Work to be completed: From the line containing "Imagine Neuron Gym: Brain Trainer Beta 23" to the line containing "山西證券最新消息,山西證券最新消息全面解讀" in the entries below, reproduce every line exactly, ends included. Nothing else belongs in the copy, and no pictures.

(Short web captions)
********

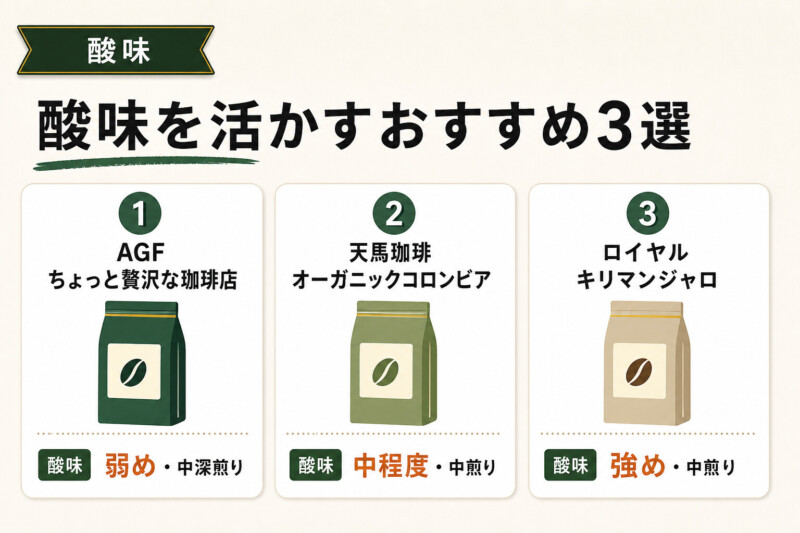 酸味を活かしたおすすめのコーヒー豆&粉3選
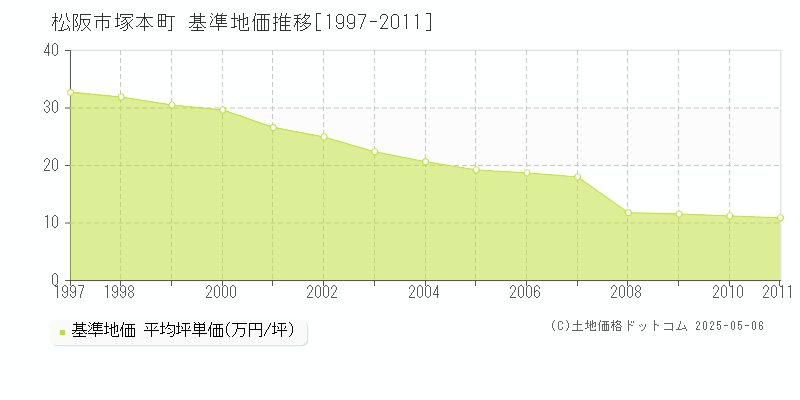 松阪市塚本町の基準地価推移グラフ 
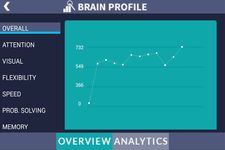 Imagine Neuron Gym: Brain Trainer Beta 23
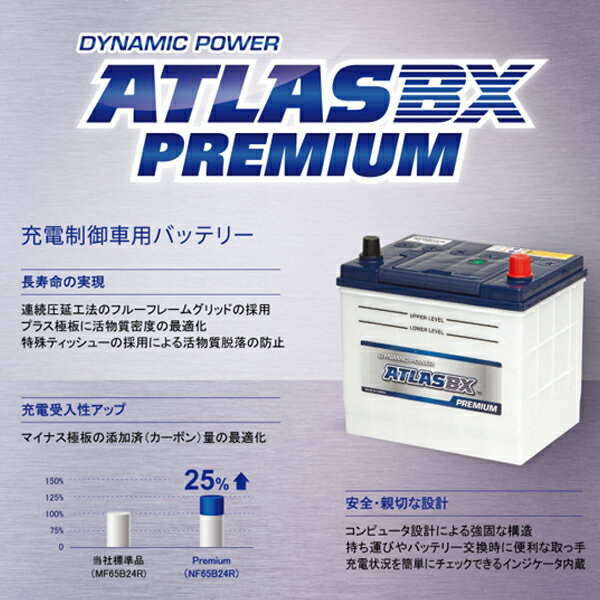 【大型商品】 アトラスBX ATLASBX ディグニティ GH-S43A PREMIUM プレミアムバッテリー NF95D26R 三菱 交換 補修 互換バッテリー 48D26R / 55D26R / 65D26R / 75D26R / 80D26R / 90D26R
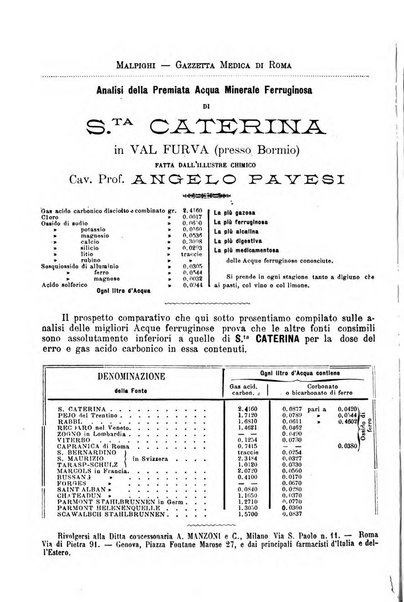 Gazzetta medica Malpighi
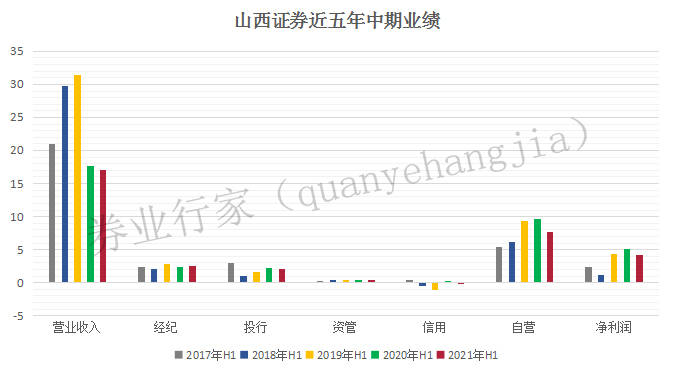 山西證券最新消息,山西證券最新消息全面解讀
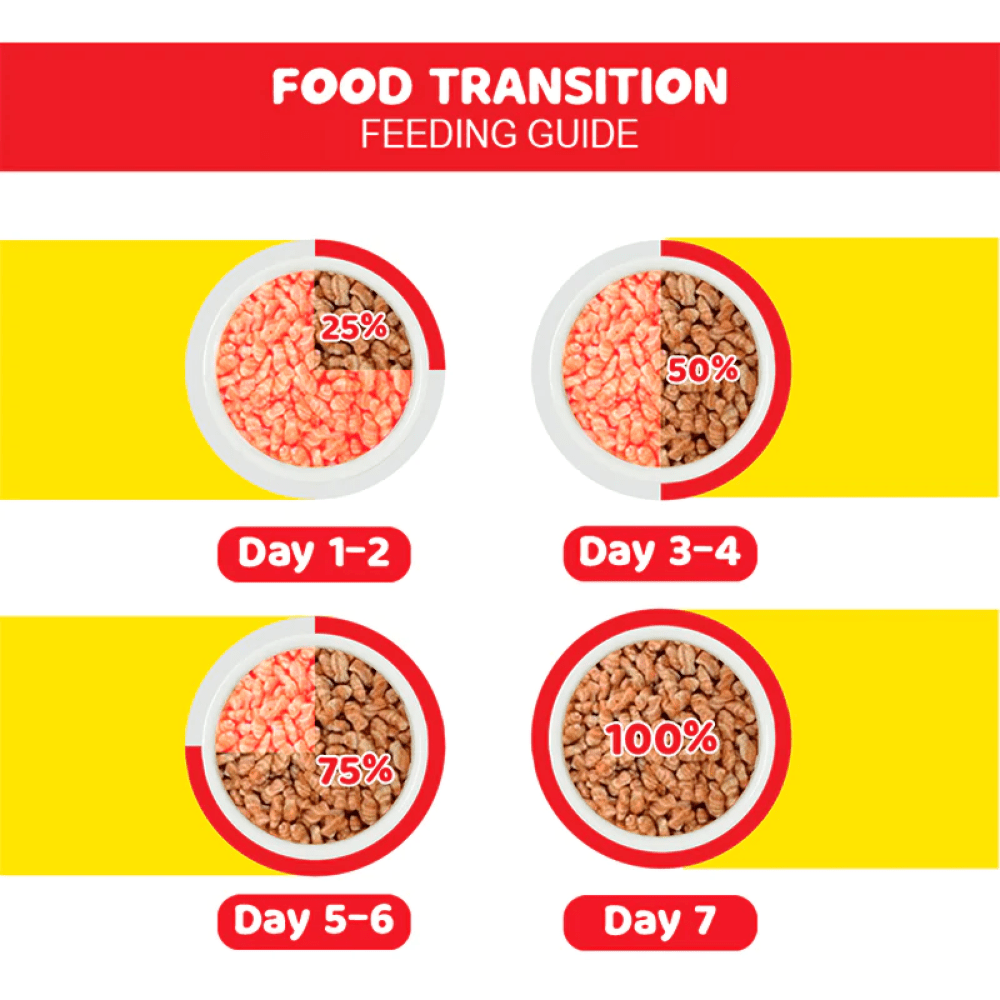 Me O Salmon Adult Cat Dry Food image 4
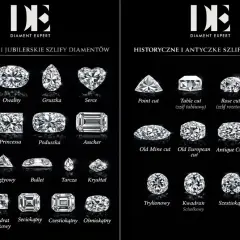 Różne szlify diamentów: brylant, owalny, gruszka, serce, szmaragdowy, princessa, poduszka, asscher, point cut, table cut, rose cut, polki, old mine cut, old european cut, antique cushion, peruzzi cut, trapezoidalny, księżycowy, bullet, tarcza, kryształ...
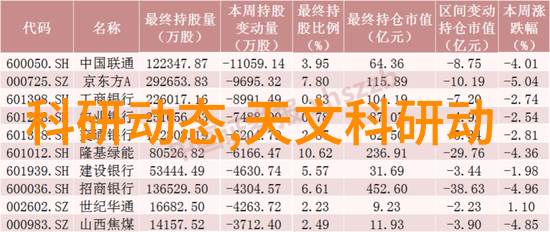 拍摄技术稳定器跟焦系统和动态跟踪拍摄方法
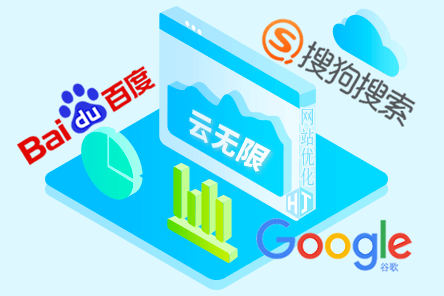 seo一个关键词多少钱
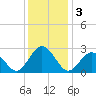 Portsmouth tide chart for Tuesday, December 3, 2024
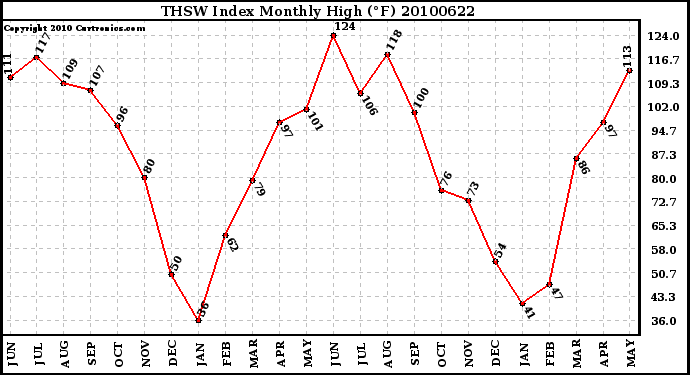 Milwaukee Weather THSW Index Monthly High (F)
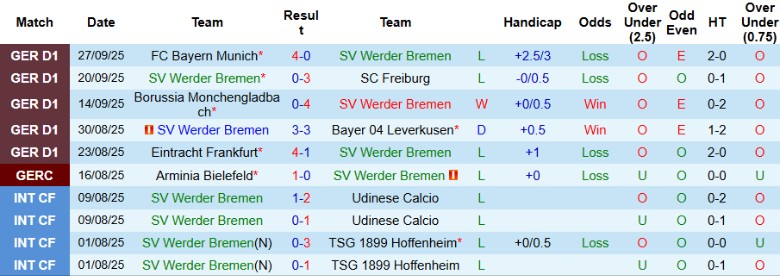 Nhận định, Soi kèo Werder Bremen vs St. Pauli, 20h30 ngày 4/10: Níu chân đối thủ - Ảnh 3
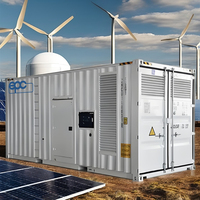 Générateur d'hydrogène d'électrolyse PEM à échelle industrielle système d'hydrogène d'équipement de montage de dérapage d'échelle MW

********

Answer to this task:
 Imagine Neuron Gym: Brain Trainer Beta 23
 【大型商品】 アトラスBX ATLASBX ディグニティ GH-S43A PREMIUM プレミアムバッテリー NF95D26R 三菱 交換 補修 互換バッテリー 48D26R / 55D26R / 65D26R / 75D26R / 80D26R / 90D26R
 Gazzetta medica Malpighi
 山西證券最新消息,山西證券最新消息全面解讀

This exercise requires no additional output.